题目链接:http://acm.hdu.edu.cn/showproblem.php?pid=5289


题面:

Assignment Time Limit: 4000/2000 MS (Java/Others)    Memory Limit: 65536/65536 K (Java/Others)
Total Submission(s): 672    Accepted Submission(s): 335


Problem Description
Tom owns a company and he is the boss. There are n staffs which are numbered from 1 to n in this company, and every staff has a ability. Now, Tom is going to assign a special task to some staffs who were in the same group. In a group, the difference of the ability of any two staff is less than k, and their numbers are continuous. Tom want to know the number of groups like this.
 

Input
In the first line a number T indicates the number of test cases. Then for each case the first line contain 2 numbers n, k (1<=n<=100000, 0<k<=10^9),indicate the company has n persons, k means the maximum difference between abilities of staff in a group is less than k.

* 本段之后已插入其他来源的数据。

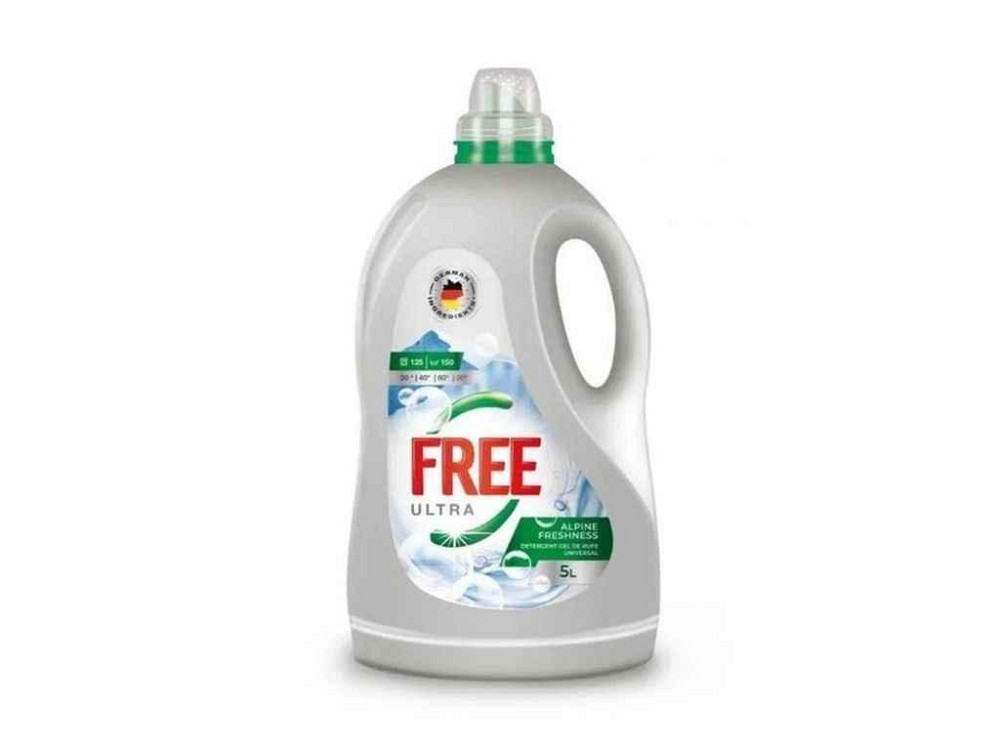 Гель для стирки 5л Alpine Freshness White ТМ FREE Киев - изображение 1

The second line contains n integers:a[1],a[2],…,a[n](0<=a[i]<=10^9),indicate the i-th staff’s ability.
 

Output
For each test,output the number of groups.
 

Sample Input
2 4 2 3 1 2 4 10 5 0 3 4 5 2 1 6 7 8 9
 


5 28
Hint
First Sample, the satisfied groups include:[1,1]、[2,2]、[3,3]、[4,4] 、[2,3]
 

Author
FZUACM
 

Source


解题:

    比赛的时候,怎么想都想不正确。想去找近期的不合法的点,复杂度太高。

看了题解才知道是用ST算法的。先前不知道,这是一篇非常不错的ST算法的介绍。

javascript:void(0)

    枚举左边端点,二分右端点。用ST算法推断该区间是否合法,直至右端点到极限(即二分的左右边界相遇或交叉)。


代码:

#include <iostream>
#include <cstdio>
#include <cstring>
#include <queue>
#include <map>
#include <vector>
#include <cmath>
#include <algorithm>
#define mod 1000000007
using namespace std;
int t,n,k;
int a[100100],minn[100010][20],maxn[100010][20],mid;
long long ans;
void Rmq_Init()
{  
    int m=19;  
    for(int i=1;i<=n;i++) 
        maxn[i][0]=minn[i][0]=a[i];  
    for(int i=1;i<=m;i++)  
        for(int j=n;j;j--)
        {  
            maxn[j][i]=maxn[j][i-1];  
            minn[j][i]=minn[j][i-1];  
            if(j+(1<<(i-1))<=n)
            {  
                maxn[j][i]=max(maxn[j][i],maxn[j+(1<<(i-1))][i-1]);  
                minn[j][i]=min(minn[j][i],minn[j+(1<<(i-1))][i-1]);  
            }  
        }  
}  
int Query_dif(int l,int r)
{  
    int m=floor(log((double)(r-l+1))/log(2.0));  
    int Max=max(maxn[l][m],maxn[r-(1<<m)+1][m]);  
    int Min=min(minn[l][m],minn[r-(1<<m)+1][m]);  
    return Max-Min;  
}  
int solve(int l)
{
    int le,ri;
    le=l;
    ri=n;
        while(le<=ri)
        {
            mid=(le+ri)/2;
            if(Query_dif(l,mid)>=k)
            {
                ri=mid-1;
            }
            else
            {
                le=mid+1;
            }
        }
        /*if(Query_dif(l,mid)>=k)
          return mid-l;
        else 
          return mid-l+1;*/
        return ri-l+1;
}
int main()
{
    scanf("%d",&t);
    while(t--)
    {
      ans=0;
      scanf("%d%d",&n,&k);
      for(int i=1;i<=n;i++)
      {
          scanf("%d",&a[i]);
      }
      Rmq_Init();
      for(int i=1;i<=n;i++)
      {
        ans=ans+solve(i);
        //cout<<i<<" "<<Query_dif(i,n)<<endl;
        //cout<<ans<<endl;
      }
      printf("%lld\n",ans);
    }
    return 0;
}